Aan de Voorzitter van de Tweede Kamer der Staten-Generaal
Den Haag, 2 oktober 2020
Overeenkomstig de bestaande afspraken ontvangt u hierbij 6 fiches die werden opgesteld
door de werkgroep Beoordeling Nieuwe Commissievoorstellen (BNC).
Fiche: Mededeling EU Agenda en Actieplan Drugs 2021–2025 (Kamerstuk 22 112, nr. 2928)
Fiche: Zesde wijziging administratieve samenwerkingsrichtlijn op het gebied van belastingen
Fiche: Kapitaalmarkten Herstelpakket – Wijziging richtlijn markten voor financiële
instrumenten om bij te dragen aan het herstel van de COVID-19-pandemie (Kamerstuk
22 112, nr. 2930)
Fiche: Kapitaalmarkten Herstelpakket – Wijziging Prospectusverordening om bij te dragen
aan het herstel van de COVID-19-pandemie (Kamerstuk 22 112, nr. 2931)
Fiche: Kapitaalmarkten Herstelpakket – Wijziging Securitisatieverordening om bij te
dragen aan het herstel van de COVID-19-pandemie (Kamerstuk 22 112, nr. 2932)
Fiche:Kapitaalmarkten Herstelpakket – Wijziging verordening kapitaalvereisten om bij
te dragen aan het herstel van de COVID-19-pandemie (Kamerstuk 22 112, nr. 2933)

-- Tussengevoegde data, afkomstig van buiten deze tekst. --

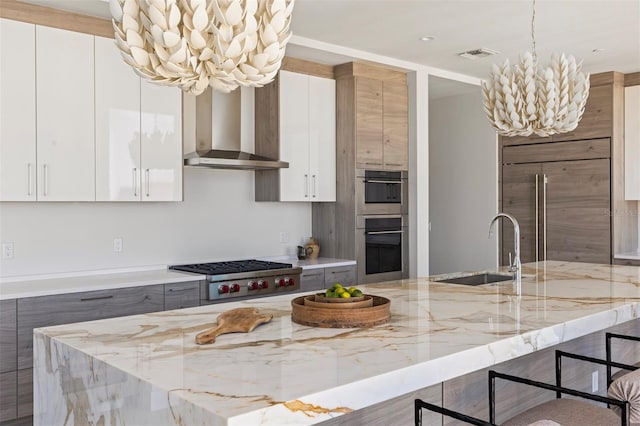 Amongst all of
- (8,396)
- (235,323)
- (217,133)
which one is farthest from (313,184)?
(235,323)

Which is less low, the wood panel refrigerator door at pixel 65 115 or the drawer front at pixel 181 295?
the wood panel refrigerator door at pixel 65 115

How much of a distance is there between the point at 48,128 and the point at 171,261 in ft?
4.59

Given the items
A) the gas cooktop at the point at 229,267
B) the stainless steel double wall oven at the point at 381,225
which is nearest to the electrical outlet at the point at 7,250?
the gas cooktop at the point at 229,267

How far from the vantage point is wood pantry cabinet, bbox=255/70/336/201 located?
16.1 ft

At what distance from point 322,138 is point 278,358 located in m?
3.70

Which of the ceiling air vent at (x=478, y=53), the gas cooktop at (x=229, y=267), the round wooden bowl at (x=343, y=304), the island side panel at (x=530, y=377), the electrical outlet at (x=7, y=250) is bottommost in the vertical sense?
the island side panel at (x=530, y=377)

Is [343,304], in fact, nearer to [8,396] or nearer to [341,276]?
[8,396]

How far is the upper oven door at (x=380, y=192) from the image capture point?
523cm

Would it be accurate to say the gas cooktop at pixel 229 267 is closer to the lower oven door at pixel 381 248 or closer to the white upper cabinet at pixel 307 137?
the white upper cabinet at pixel 307 137

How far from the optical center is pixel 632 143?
19.0ft

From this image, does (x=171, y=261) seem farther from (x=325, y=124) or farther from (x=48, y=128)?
(x=325, y=124)

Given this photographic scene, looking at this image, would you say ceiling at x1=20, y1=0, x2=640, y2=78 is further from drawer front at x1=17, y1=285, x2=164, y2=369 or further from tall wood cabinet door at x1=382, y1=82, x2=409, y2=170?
drawer front at x1=17, y1=285, x2=164, y2=369

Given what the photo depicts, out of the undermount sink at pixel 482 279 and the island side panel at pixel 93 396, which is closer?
the island side panel at pixel 93 396

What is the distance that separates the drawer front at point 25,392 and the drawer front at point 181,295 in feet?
2.87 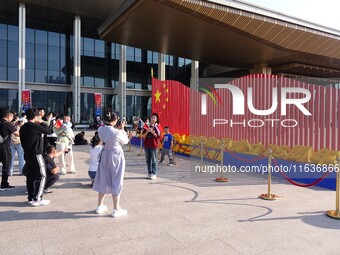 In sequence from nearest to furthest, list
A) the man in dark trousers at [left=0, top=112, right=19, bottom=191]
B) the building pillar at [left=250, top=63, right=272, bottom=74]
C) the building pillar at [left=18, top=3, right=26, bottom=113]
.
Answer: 1. the man in dark trousers at [left=0, top=112, right=19, bottom=191]
2. the building pillar at [left=250, top=63, right=272, bottom=74]
3. the building pillar at [left=18, top=3, right=26, bottom=113]

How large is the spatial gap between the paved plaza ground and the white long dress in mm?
508

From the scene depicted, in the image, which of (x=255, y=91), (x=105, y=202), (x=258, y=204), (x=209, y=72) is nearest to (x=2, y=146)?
(x=105, y=202)

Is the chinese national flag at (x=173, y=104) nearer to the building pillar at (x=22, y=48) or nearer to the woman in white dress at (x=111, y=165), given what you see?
the woman in white dress at (x=111, y=165)

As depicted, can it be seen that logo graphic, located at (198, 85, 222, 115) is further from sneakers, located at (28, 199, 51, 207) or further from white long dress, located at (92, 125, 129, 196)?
sneakers, located at (28, 199, 51, 207)

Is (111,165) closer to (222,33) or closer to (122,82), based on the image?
(222,33)

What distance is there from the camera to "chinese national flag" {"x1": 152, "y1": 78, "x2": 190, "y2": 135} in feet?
42.2

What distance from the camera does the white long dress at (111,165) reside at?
4637 millimetres

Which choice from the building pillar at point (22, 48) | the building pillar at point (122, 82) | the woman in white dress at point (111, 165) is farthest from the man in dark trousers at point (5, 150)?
the building pillar at point (122, 82)

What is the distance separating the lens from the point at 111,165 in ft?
15.2

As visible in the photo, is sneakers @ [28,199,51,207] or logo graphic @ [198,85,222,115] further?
logo graphic @ [198,85,222,115]

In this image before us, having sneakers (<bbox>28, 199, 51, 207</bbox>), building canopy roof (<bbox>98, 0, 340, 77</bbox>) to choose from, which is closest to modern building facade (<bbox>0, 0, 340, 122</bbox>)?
building canopy roof (<bbox>98, 0, 340, 77</bbox>)

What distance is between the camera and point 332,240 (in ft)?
12.8

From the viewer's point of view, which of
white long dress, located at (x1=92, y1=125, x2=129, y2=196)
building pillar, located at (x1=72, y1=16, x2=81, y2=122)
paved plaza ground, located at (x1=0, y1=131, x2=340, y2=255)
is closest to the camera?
paved plaza ground, located at (x1=0, y1=131, x2=340, y2=255)

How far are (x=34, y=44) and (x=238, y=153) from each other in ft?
97.1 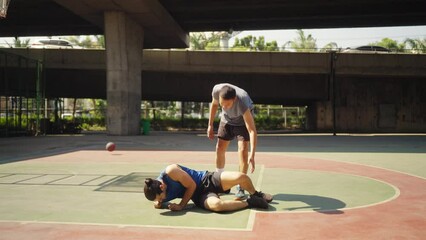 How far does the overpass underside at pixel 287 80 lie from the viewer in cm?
3353

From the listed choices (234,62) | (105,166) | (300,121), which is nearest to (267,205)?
(105,166)

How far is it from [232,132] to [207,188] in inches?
54.5

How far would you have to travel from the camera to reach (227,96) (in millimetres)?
6273

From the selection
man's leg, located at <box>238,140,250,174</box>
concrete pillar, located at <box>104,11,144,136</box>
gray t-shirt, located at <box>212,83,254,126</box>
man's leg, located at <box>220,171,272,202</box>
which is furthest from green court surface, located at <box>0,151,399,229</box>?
concrete pillar, located at <box>104,11,144,136</box>

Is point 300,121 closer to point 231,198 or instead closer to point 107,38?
point 107,38

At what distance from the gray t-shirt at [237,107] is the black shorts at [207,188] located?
1.21 metres

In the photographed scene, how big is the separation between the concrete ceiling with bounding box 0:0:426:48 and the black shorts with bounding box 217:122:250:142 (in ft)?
61.8

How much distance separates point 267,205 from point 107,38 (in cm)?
2310

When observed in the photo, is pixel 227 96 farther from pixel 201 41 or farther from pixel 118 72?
pixel 201 41

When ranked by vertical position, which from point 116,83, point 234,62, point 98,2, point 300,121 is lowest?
point 300,121

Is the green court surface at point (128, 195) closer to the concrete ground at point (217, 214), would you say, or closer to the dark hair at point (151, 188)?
the concrete ground at point (217, 214)

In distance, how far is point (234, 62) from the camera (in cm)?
3362

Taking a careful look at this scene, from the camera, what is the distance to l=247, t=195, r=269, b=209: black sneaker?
607 centimetres

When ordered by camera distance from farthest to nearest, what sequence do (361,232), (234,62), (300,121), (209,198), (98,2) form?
(300,121), (234,62), (98,2), (209,198), (361,232)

De Minister van Buitenlandse Zaken,
S.A. Blok
Fiche: Zesde wijziging administratieve samenwerkingsrichtlijn op het gebied van belastingen
1. Algemene gegevens
a) Titel voorstel
RICHTLIJN VAN DE RAAD tot wijziging van Richtlijn 2011/16/EU betreffende de administratieve
samenwerking op het gebied van de belastingen
b) Datum ontvangst Commissiedocument
15 juli 2020
c) Nr. Commissiedocument
COM(2020) 314
d) EUR-lex
https://eur-lex.europa.eu/legal-content/NL/TXT/?qid=1596100656625&uri=C…
e) Nr. impact assessment Commissie en Opinie Raad voor Regelgevingstoetsing
SWD(2020) 130 samenvatting
https://eur-lex.europa.eu/legal-content/NL/TXT/PDF/?uri=CELEX:52020SC01…
SWD(2020) 131 het gehele document
https://ec.europa.eu/transparency/regdoc/rep/10102/2020/EN/SWD-2020-131…
f) Behandelingstraject Raad
Economische en Financiële Raad
g) Eerstverantwoordelijk ministerie
Ministerie van Financiën
h) Rechtsbasis
115 VWEU en 113 VWEU
i) Besluitvormingsprocedure Raad
Unanimiteit
j) Rol Europees Parlement
Raadpleging
2. Essentie voorstel
a) Inhoud voorstel
De Commissie heeft de 6e wijziging gepubliceerd van de Administratieve samenwerkingsrichtlijn op het gebied
van belastingen (ook wel bekend onder de afkorting «DAC»1), die ziet op het uitwisselen van fiscale informatie tussen de EU-lidstaten.2 De richtlijn heeft sinds zijn conceptie in 2011 al vijf uitbreidingen gehad, waarvan
de automatische uitwisseling van bankgegevens3, rulings
4 en mogelijk agressieve grensoverschrijdende fiscale planningsconstructies5 de meest in het oog springende zijn. Het onderliggende richtlijnvoorstel staat in
het teken van het verplichten van digitale platformen om fiscale informatie over hun
gebruikers te verstrekken, en de uitwisseling van deze gegevens tussen de belastingautoriteiten
van de EU-lidstaten. Verder worden enige wijzigingen voorgesteld ter verbetering van
de werking van de bestaande artikelen in de richtlijn. Hieronder wordt eerst ingegaan
op de uitwisselingsverplichting voor digitale platformen en daarna op de overige verbeteringen
van de richtlijn.
Uitwisselingsplicht voor digitale platformen
De verwachte groei van de platformeconomie6 betekent dat een steeds grotere groep belastingplichtigen inkomen verkrijgt via digitale
platformen. De kans bestaat dat een deel van de gebruikers van deze digitale platformen
de verworven inkomsten niet, onjuist en/of onvolledig aangeeft. Handhaving door belastingdiensten
is ingewikkeld, omdat deze niet over contra-informatie beschikken waaruit blijkt dat
inkomen via een platform is verworven. Dit levert een risico op van uitholling van
het bestaande systeem van inkomensheffing. De platformeconomie is een internationaal
fenomeen. Internationale samenwerking is daarom van groot belang om tot een effectieve
aanpak te komen. Daarbij komt dat sommige internationaal opererende platformen geen
vestiging hebben in Nederland en soms zelfs niet in de Europese Unie, wat tot vragen
leidt over op welke wijze wettelijke verplichtingen kunnen worden opgelegd en hoe
naleving van wettelijke verplichtingen kan worden afgedwongen.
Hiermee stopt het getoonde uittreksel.